Washington is known as the city of trees, though no official body seems to agree on the actual numbers in what is called our tree canopy and whether the city's urban forest is growing or declining. Coming home from a lecture about Thoreau and trees at the U.S. Botanic Garden (he liked trees more than he did people), I was especially aware of the varied specimens bordering my walk uphill past the Capitol. I witnessed a veritable memory garden of botanical and political history. Like human fingerprints, none was alike in size or shape. Except that most of them carried unusual identity tags: little brass plaques.
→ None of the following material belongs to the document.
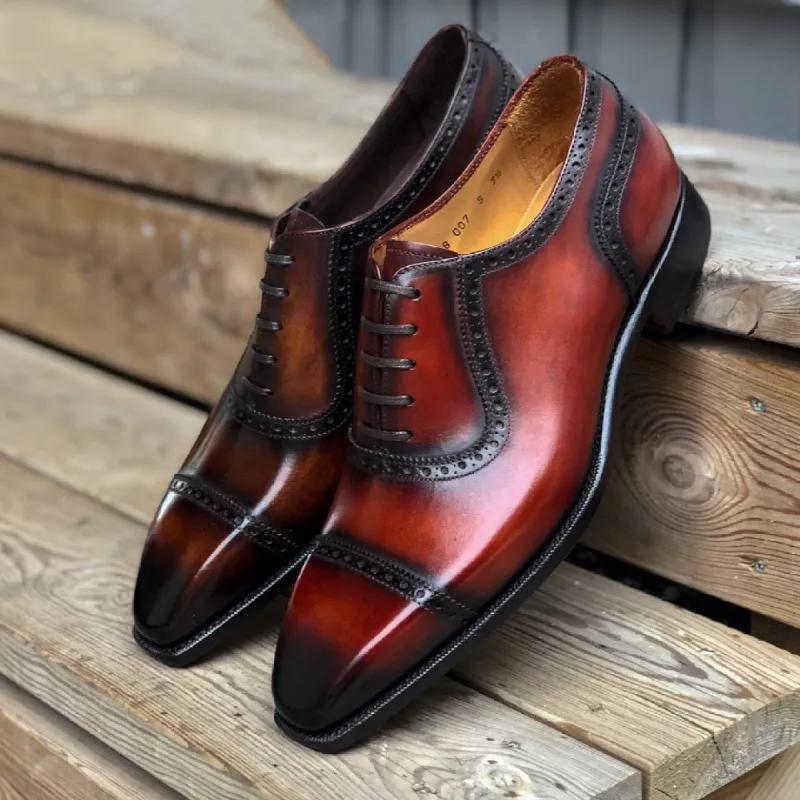 Height Increasing Brown Burgundy Leather Luso Brogue Toecap Oxfords - Formal Shoes sold by Costoso Italiano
These are commemorative trees planted to honor past Congress folk or a cause such as the
young linden tree dedicated to "the revolutionary spirit of New England." Speaker of the House Nancy Pelosi has her name under an American elm dedicated to 'the Greening of the Capitol Initiative" in 2008 (whatever that was). Farther along, on grounds of the Library of Congress' stately Thomas Jefferson Building, former Librarian James Billington contributed an acer, a Japanese maple, "in honor of the Congressional Research Service's Centennial" in 1914. Even a former head of the library's Hebraic division has a tree in his name.
On and on they went, until some sort of boundary was reached at Second Street SE. By focusing on such an aesthetic abundance around me, I was able for a short time to forget the inanities taking place inside the great building they surround. May the beauty created in this landscape have some calming effect on what transpires there. One thing for sure: most of these trees will outlast the people inside.